# GOAL OF THE EXERCISE:
Every record that follows should be copied exactly. No picture belongs in the copy.

# DATA SUPPLIED:
####################
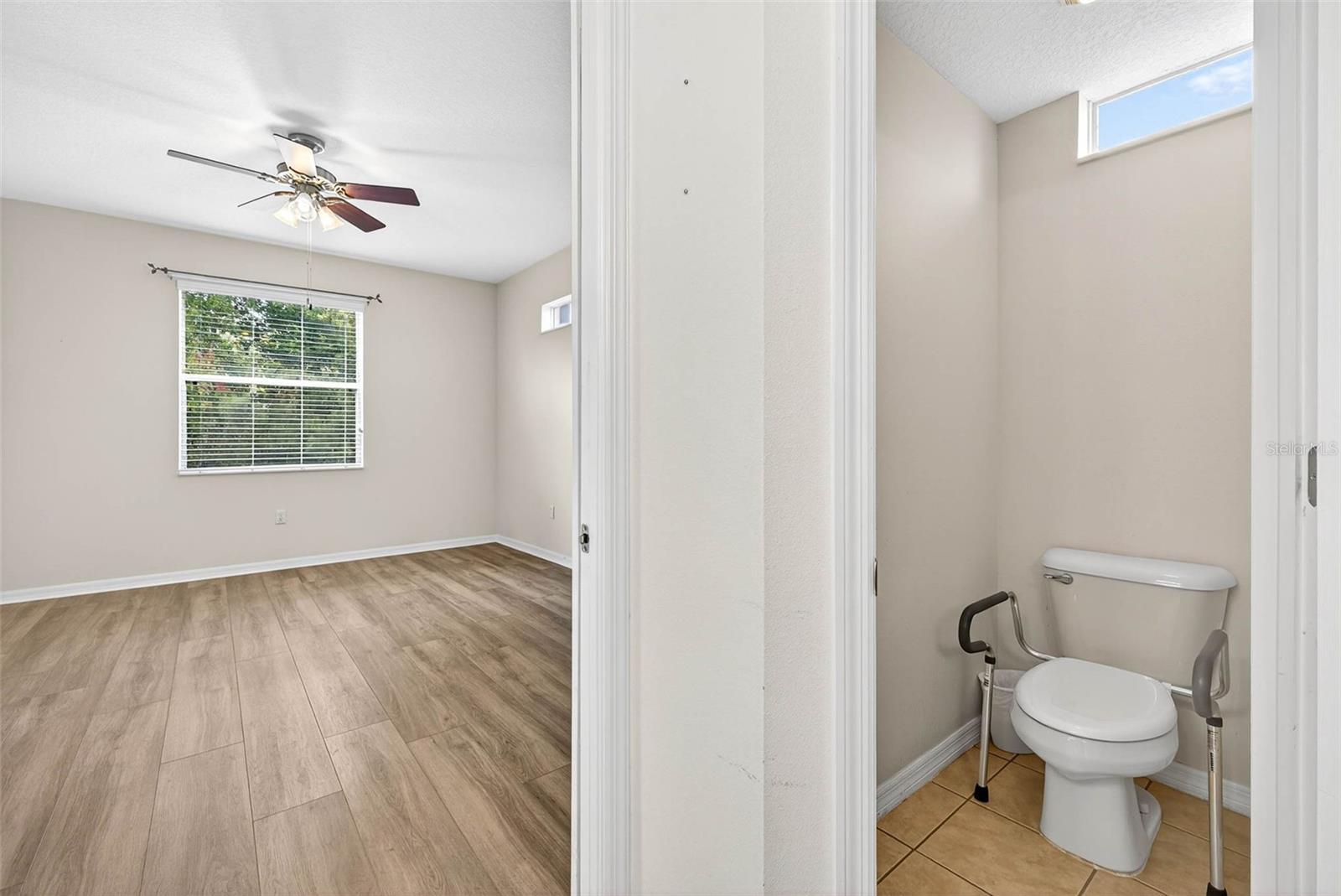 Image 28 of 52 For 8415 Tarocco Court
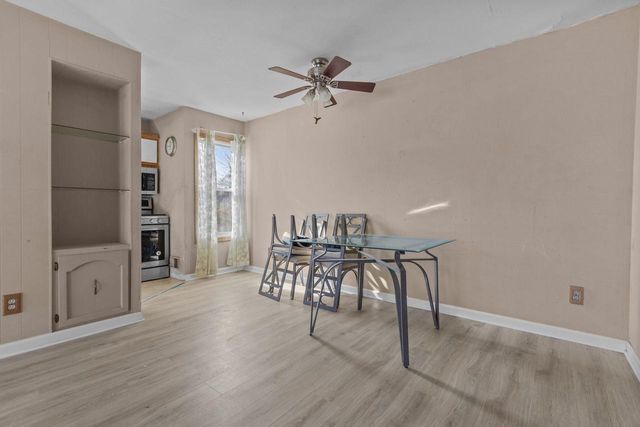 1416 W 2ND AVENUE, Oshkosh, WI 54902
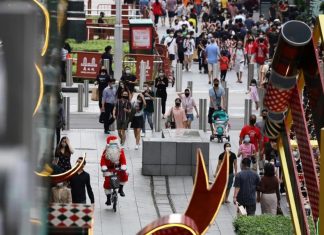 호주 크리스마스 러쉬 작별 11월 쇼핑 부상 The retail sector is expecting shoppers to get a jump on their spending, ahead of a possible slowdown in 2023. CREDITGETTY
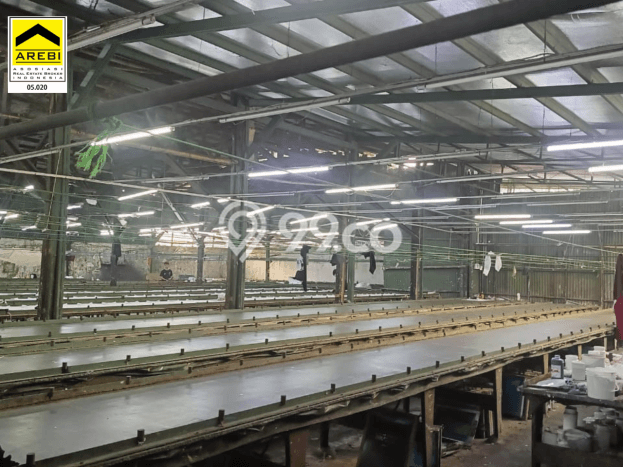 Unit Gudang Dijual di Bandung LT 2525m2 & LB 1200m2 Unit Gudang Dijual di Bandung LT 2525m2 & LB 1200m2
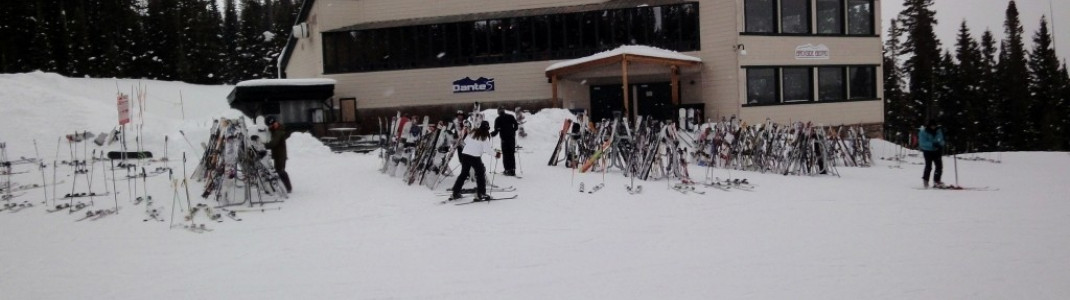 Bergrestaurant Backside Bistro & Dante´s Deck am Grizzly Lift!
####################
# OUTPUT OF THE EXERCISE:
 Image 28 of 52 For 8415 Tarocco Court
 1416 W 2ND AVENUE, Oshkosh, WI 54902
 호주 크리스마스 러쉬 작별 11월 쇼핑 부상 The retail sector is expecting shoppers to get a jump on their spending, ahead of a possible slowdown in 2023. CREDITGETTY
 Unit Gudang Dijual di Bandung LT 2525m2 & LB 1200m2 Unit Gudang Dijual di Bandung LT 2525m2 & LB 1200m2
 Bergrestaurant Backside Bistro & Dante´s Deck am Grizzly Lift!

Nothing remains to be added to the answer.